# Pull start pulls back, HARD!



## honda4kx (Feb 9, 2015)

I have a Honda eb4000x and the pull start pulls back so hard when I try to start it, that it pulls out of my hand and breaks the cord. 

Any ideas? At first I thought it was a problem with the recoil assembly. I have put a new line on it 3 times now. I am starting to think it's not the recoil. But maybe it is?

I should be able to pull the cord and hold it in the extended position for a moment? Right?

Thanks for any suggestions.


----------



## Robert Coats (Nov 10, 2011)

honda4kx said:


> I have a Honda eb4000x and the pull start pulls back so hard when I try to start it, that it pulls out of my hand and breaks the cord.
> 
> Any ideas? At first I thought it was a problem with the recoil assembly. I have put a new line on it 3 times now. I am starting to think it's not the recoil. But maybe it is?
> 
> ...


There is only one way to disassemble and reassemble the recoil starter, and getting it wrong could result in it _not_ releasing and pulling back on the starter cord. It is pretty simple to get right (or wrong) so don't feel bad.

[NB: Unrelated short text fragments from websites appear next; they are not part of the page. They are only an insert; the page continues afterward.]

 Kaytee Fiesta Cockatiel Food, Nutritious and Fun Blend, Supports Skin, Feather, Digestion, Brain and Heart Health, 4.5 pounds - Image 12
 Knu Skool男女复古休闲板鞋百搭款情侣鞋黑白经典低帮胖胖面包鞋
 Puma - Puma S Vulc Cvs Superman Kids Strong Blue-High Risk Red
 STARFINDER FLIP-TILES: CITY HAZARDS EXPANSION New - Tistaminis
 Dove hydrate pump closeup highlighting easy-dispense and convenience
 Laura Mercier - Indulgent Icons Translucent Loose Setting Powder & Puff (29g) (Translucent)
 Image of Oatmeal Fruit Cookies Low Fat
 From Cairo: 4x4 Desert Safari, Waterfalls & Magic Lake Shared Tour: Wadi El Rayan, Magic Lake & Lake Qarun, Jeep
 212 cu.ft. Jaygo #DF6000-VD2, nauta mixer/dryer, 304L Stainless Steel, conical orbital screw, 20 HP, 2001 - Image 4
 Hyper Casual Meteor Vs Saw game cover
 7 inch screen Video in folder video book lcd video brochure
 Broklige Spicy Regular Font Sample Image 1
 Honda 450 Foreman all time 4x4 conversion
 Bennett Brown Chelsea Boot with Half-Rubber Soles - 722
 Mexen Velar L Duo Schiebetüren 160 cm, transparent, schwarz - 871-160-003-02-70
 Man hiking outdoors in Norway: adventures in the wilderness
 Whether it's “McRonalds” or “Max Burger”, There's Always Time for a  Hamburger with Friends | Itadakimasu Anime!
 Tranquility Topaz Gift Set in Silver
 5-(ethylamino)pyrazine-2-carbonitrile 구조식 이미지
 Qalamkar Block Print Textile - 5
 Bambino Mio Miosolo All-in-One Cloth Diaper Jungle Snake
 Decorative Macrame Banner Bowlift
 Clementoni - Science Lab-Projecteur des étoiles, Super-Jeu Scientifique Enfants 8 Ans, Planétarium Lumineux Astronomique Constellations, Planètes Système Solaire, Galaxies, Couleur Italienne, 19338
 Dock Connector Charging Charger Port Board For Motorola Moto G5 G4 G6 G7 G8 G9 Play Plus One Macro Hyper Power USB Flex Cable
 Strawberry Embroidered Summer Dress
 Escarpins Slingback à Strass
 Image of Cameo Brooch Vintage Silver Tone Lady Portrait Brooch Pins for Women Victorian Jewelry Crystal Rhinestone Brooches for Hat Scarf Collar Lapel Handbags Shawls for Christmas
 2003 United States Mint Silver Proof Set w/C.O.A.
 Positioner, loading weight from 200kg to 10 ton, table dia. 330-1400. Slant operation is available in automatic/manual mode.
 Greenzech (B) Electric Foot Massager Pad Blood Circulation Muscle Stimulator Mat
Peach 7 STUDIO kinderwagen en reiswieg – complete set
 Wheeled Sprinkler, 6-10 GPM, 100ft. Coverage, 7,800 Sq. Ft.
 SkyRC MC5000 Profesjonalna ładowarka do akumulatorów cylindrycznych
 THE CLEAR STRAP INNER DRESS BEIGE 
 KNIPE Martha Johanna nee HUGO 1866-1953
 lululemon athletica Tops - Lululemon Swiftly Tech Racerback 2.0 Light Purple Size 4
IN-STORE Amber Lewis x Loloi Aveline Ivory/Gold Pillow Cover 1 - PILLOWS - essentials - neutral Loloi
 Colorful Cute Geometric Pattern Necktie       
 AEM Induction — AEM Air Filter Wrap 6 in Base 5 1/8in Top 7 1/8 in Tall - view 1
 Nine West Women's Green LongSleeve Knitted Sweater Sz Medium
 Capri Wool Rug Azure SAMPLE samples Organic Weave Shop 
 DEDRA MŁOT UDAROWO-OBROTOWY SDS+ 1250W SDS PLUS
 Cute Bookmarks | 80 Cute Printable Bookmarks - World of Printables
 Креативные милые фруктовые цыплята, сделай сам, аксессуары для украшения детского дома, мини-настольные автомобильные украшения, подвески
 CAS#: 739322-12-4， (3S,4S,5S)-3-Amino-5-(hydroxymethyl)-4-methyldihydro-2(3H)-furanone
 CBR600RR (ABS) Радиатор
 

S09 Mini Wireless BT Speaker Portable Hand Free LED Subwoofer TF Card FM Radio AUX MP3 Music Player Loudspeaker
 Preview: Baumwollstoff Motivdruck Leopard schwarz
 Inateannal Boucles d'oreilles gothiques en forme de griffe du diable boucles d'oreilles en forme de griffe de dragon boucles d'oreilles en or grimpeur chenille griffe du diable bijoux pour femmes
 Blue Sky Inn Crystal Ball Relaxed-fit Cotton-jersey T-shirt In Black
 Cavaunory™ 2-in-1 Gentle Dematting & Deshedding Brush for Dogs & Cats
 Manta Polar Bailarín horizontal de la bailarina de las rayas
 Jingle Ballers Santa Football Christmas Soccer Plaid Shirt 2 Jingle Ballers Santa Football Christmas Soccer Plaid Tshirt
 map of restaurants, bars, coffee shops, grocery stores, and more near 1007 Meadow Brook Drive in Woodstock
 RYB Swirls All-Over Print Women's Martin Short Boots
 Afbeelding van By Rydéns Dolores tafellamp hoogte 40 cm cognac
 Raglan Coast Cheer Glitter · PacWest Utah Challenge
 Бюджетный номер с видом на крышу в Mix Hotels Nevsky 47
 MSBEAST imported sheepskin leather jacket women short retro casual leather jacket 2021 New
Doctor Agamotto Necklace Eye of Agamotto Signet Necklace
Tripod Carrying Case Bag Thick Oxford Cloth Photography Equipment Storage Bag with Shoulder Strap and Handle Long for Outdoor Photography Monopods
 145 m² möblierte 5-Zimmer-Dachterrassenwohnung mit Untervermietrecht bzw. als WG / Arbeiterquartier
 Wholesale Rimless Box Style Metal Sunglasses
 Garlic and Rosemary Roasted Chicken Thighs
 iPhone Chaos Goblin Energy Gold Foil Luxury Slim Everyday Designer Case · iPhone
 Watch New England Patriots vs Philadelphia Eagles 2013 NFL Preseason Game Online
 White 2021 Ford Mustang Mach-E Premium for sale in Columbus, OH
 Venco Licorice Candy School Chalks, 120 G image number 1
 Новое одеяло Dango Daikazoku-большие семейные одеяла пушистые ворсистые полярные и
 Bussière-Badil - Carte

The paper shop manual Honda sells direct has five fully detailed and illustrated pages on the recoil, from removal to inspection and rebuilding down to the last screw. The shop manual has +195 more pages of everything you'd ever want to know about the generator too. Here are the links to get one (amazon or eBay):

*Honda Power Equipment Shop Manuals on eBay*
*Honda Power Equipment Shop Manuals on Amazon*


----------



## KRE (Nov 29, 2011)

honda4kx said:


> I have a Honda eb4000x and the pull start pulls back so hard when I try to start it, that it pulls out of my hand and breaks the cord.
> 
> Any ideas? At first I thought it was a problem with the recoil assembly. I have put a new line on it 3 times now. I am starting to think it's not the recoil. But maybe it is?
> 
> ...


You ignition timing is off, it is firing way to early.


----------